-- PROBLEM STATEMENT --
Write out the data word for word and drop any picture you find.

··· GIVEN RECORDS

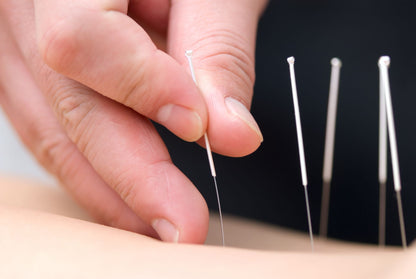 AcuPro needle - 0.30 x 75 mm - Dry Needling - Acupuncture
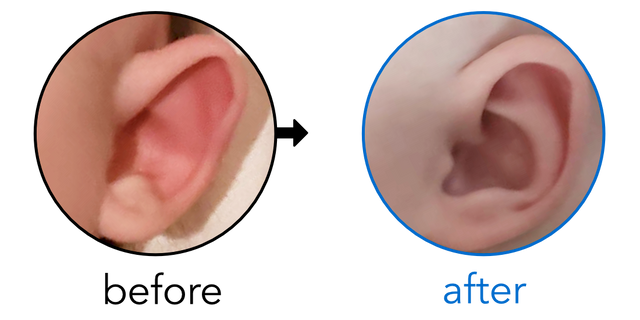 Before-and-after EarBuddies Stick-Out Ears result; started at 3–6 months – Nicole & her daughter Molly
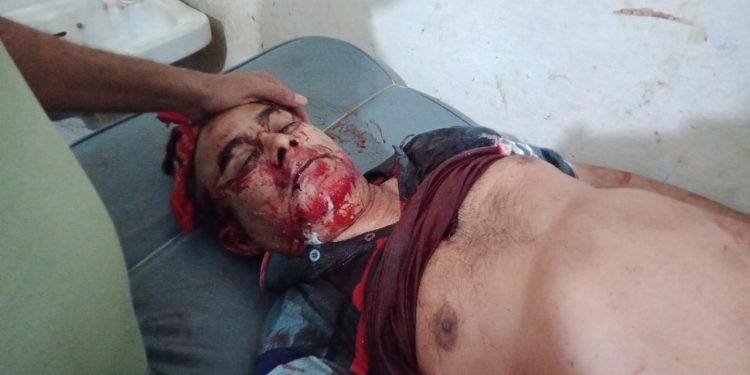 শার্শায় মোটরসাইকেলের ধাক্কায় পথচারী এ্যাডভোকেট মাহবুবুর হাসান নিহত 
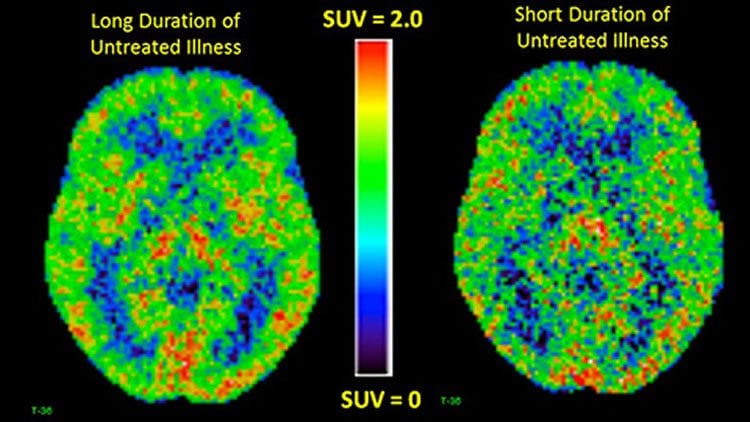 pet brain scans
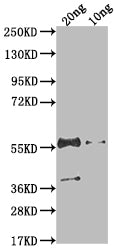 Western Blot Positive WB detected in Recombinant protein All lanes: N antibody at 1:2000 Secondary Goat polyclonal to rabbit IgG at 1/50000 dilution Predicted band size: 45.9 kDa Observed band size: 55 kDa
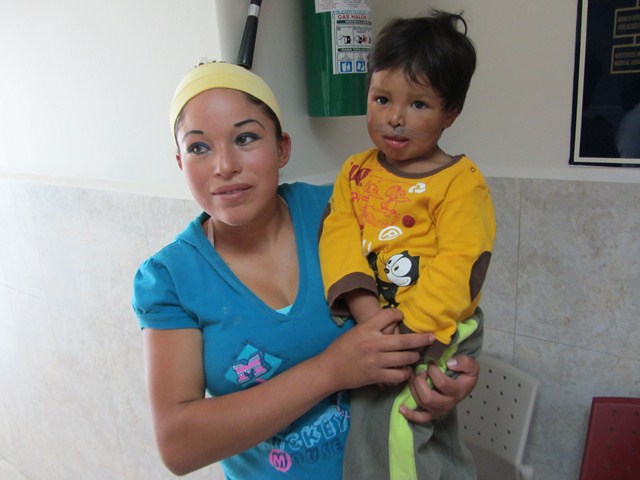 Mexico: CaboSmiles Mission – Correcting Cleft Lips and Palate Deformities
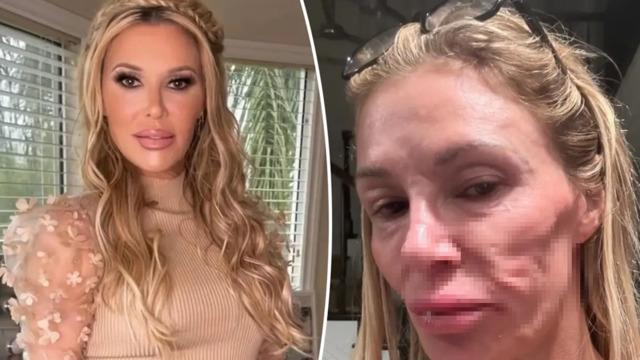 Ünlü TV yıldızının yüzünün hali korkutuyor! Sorunu bulmak için 130 bin dolar harcadı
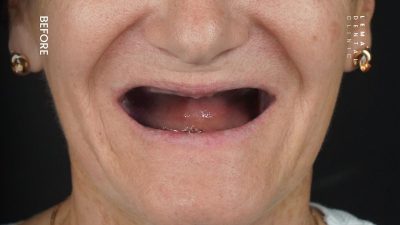 zygomatic implants before after 7
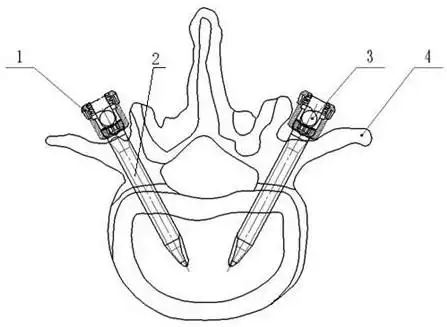 一种自转式椎弓根螺钉-爱企查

······

-- COMPLETED TASK --
 AcuPro needle - 0.30 x 75 mm - Dry Needling - Acupuncture
 Before-and-after EarBuddies Stick-Out Ears result; started at 3–6 months – Nicole & her daughter Molly
 শার্শায় মোটরসাইকেলের ধাক্কায় পথচারী এ্যাডভোকেট মাহবুবুর হাসান নিহত 
 pet brain scans
 Western Blot Positive WB detected in Recombinant protein All lanes: N antibody at 1:2000 Secondary Goat polyclonal to rabbit IgG at 1/50000 dilution Predicted band size: 45.9 kDa Observed band size: 55 kDa
 Mexico: CaboSmiles Mission – Correcting Cleft Lips and Palate Deformities
 Ünlü TV yıldızının yüzünün hali korkutuyor! Sorunu bulmak için 130 bin dolar harcadı
 zygomatic implants before after 7
 一种自转式椎弓根螺钉-爱企查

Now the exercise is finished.